This article is part of the Why Study the Book? series.
The Commonness of Tragedy
It can be easy to think of Job as a book you turn to if some unexpected tragedy happens, but can otherwise be safely ignored. Perhaps the most important reason for reading the book, however, is that Job’s tragedy—an experience of searing pain and loss which did not make sense within any framework Job had—is all too common.
My experience in teaching the book in academic and pastoral settings is that almost everyone in the room knows someone who has undergone a Job-like experience—or they are suffering one themselves. It seems to be not a question of “if,” but “when” God will allow some tragedy too painful to be borne quietly, and we, like Job, will wonder why God would repay imperfect but sincere service and friendship in this way.
Learn to Interpret Suffering
A related reason for studying the book is that it widens our ability to interpret suffering. Biblically, sometimes God allows pain because of sin (as in Ps. 38) or to grow us spiritually: suffering produces character, and character endurance (Rom. 5:3). True as these are, neither can explain Job’s ordeal: not even the Accuser could find some sin which would prompt God’s punishment (Job 1)!
Painful loss can become an avenue for God himself to reveal himself and draw close in a way he never has before.
And Job is presented as a mature believer—although he had to confess sins (31:33–34), the description of his spiritual integrity in 1:1 uses biblical terms to describe settled maturity. Further, the book never resolves Job’s suffering by pointing to some spiritual growth on his part. Rather, Job’s agony ends only in a deeper vision of God (42:5). This is helpful: the book is teaching us that painful loss can become an avenue for God himself to reveal himself and draw close in a way he never has before.
Devotion despite Difficulty
A third reason for reading Job is found in the first chapter: “Does Job fear God for nothing?” (1:9). The Accuser argues Job doesn’t really love God for God’s sake, but only because of secondary benefits which accrue in the relationship (the blessings of 1:1–4). Once those benefits are gone, Job will show how he really feels about God—so the Accuser claims.

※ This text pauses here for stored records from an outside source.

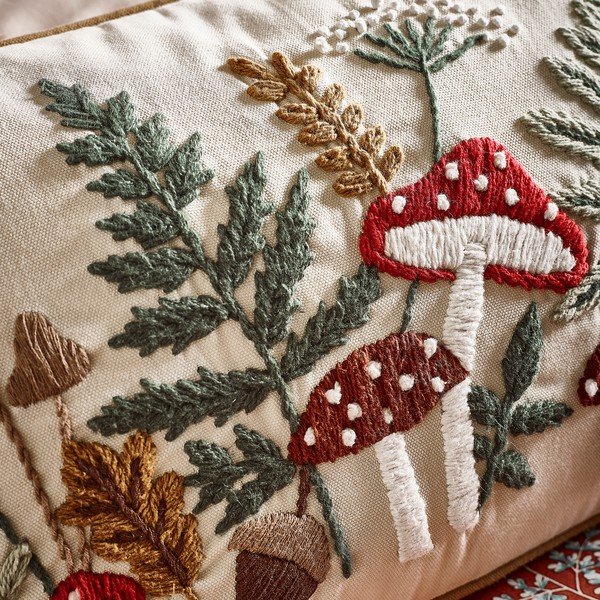 Cuscino decorativo in cotone 30x50 cm Embroidery Woodland – Catherine Lansfield-image-3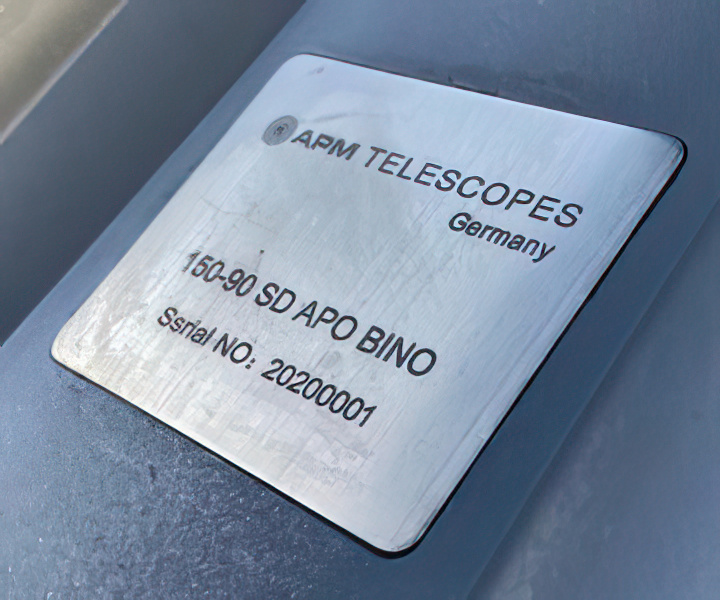 apm-sd150-bino90-fcd100-04-sd-apo-fernglas-150mm-90grad-typenschild.jpg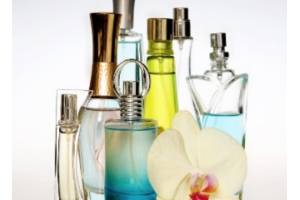 un coffret d'échantillons de parfums à gagner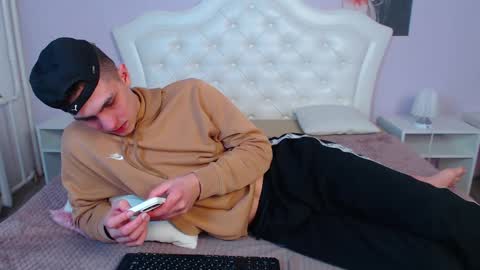 Snapshot of frank_mooree chatting on 12, 2, 2025 Frank online show from 12, 2, 2025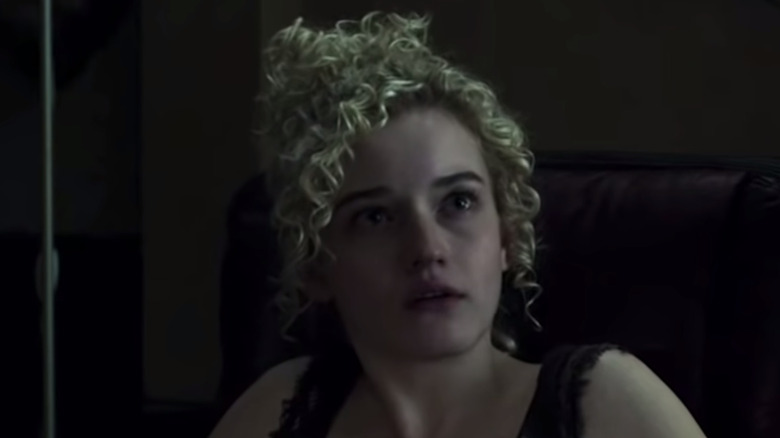 Julia Garner curly hair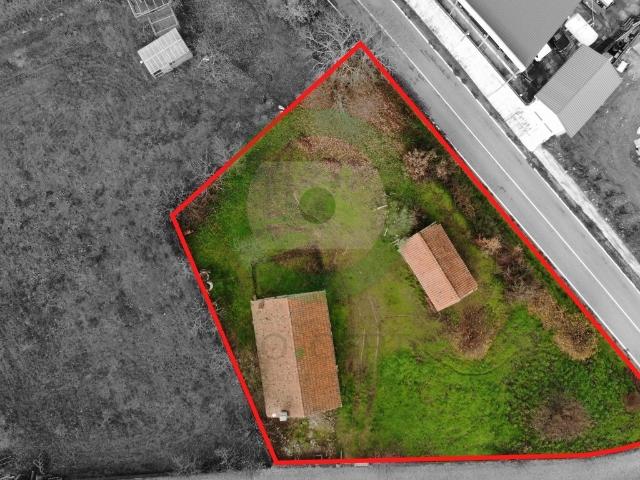 Moradia para reconstrução situada em Santa Comba de Rossas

This creates the deep drama of the book’s early chapters: will Job hang on to his relationship with God when he has every earthly reason to give up on him? It creates drama for the Christian reader, as well, because all of us benefit from our relationship with God in ways different from the central benefits of the gospel: forgiveness of sins and eternal life. If you had to go to the funeral of one of your children on a Saturday, would your worship the next Sunday be just as enthusiastic? God is worthy of that level of devotion—but would we show it?
The author’s purpose in raising this question is not to shame us, but to help us understand why God allows inexplicable suffering. In chapters 1–2, Job proves the genuineness of his love for God: Job has no ulterior motives and treats God as his own reward. The same opportunity is given to us to tearfully but sincerely affirm that we have no treasure on earth more precious than God (Ps. 73:25). And a faith of that quality is the only kind of faith which will save you.
Finding Hope in Your Pain
Finally, Job should be studied because it gives tremendous hope and encouragement in suffering and nourishes endurance in the midst of it. The Lord’s answer to Job in chapters 38–41, far from blaming him as his “friends” did, paints a picture which is realistic about what is still unredeemed about the world, but shows the tremendous joy God takes in his world without ignoring what is wrong with it.
But the Lord does not leave Job there: the final speeches about Behemoth and Leviathan speak of a coming defeat of a great supernatural enemy when God scours all evil from his creation, and the former things pass away. The poetry of these chapters foster the same vision and hope in Christians who know without understanding why.